> **GIVEN ENTRIES**
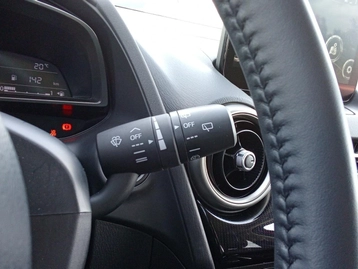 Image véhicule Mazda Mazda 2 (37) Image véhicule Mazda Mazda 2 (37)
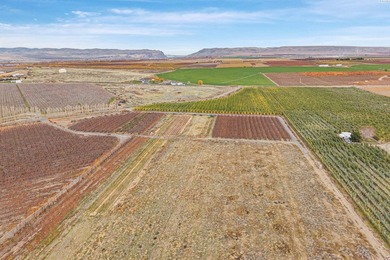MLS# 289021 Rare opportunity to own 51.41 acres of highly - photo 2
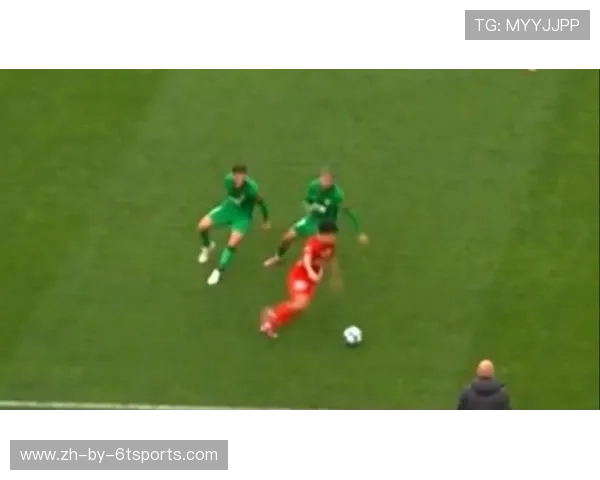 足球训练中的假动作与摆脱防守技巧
...
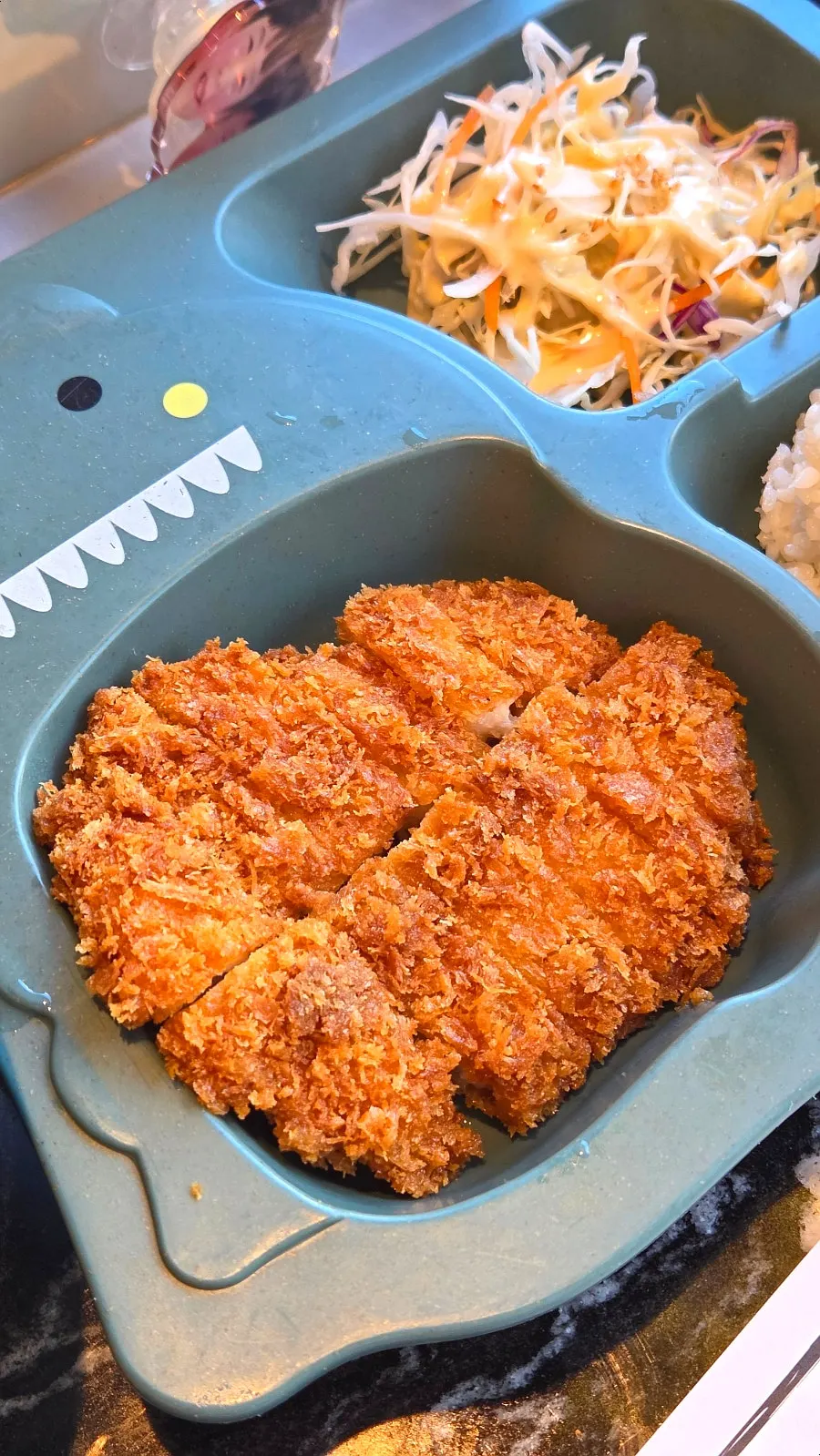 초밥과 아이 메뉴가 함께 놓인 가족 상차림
--
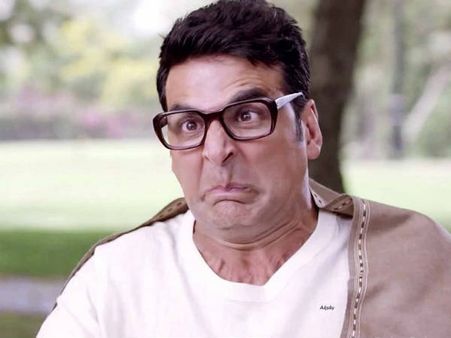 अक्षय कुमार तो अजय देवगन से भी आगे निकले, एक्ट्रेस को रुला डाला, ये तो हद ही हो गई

> **DESCRIPTION OF THE TASK**
With the pictures omitted, copy the entries above exactly from the line containing "MLS# 289021 Rare" through the line containing "足球训练中的假动作与摆脱防守技巧", both lines included.

> **REPLY**
MLS# 289021 Rare opportunity to own 51.41 acres of highly - photo 2
 足球训练中的假动作与摆脱防守技巧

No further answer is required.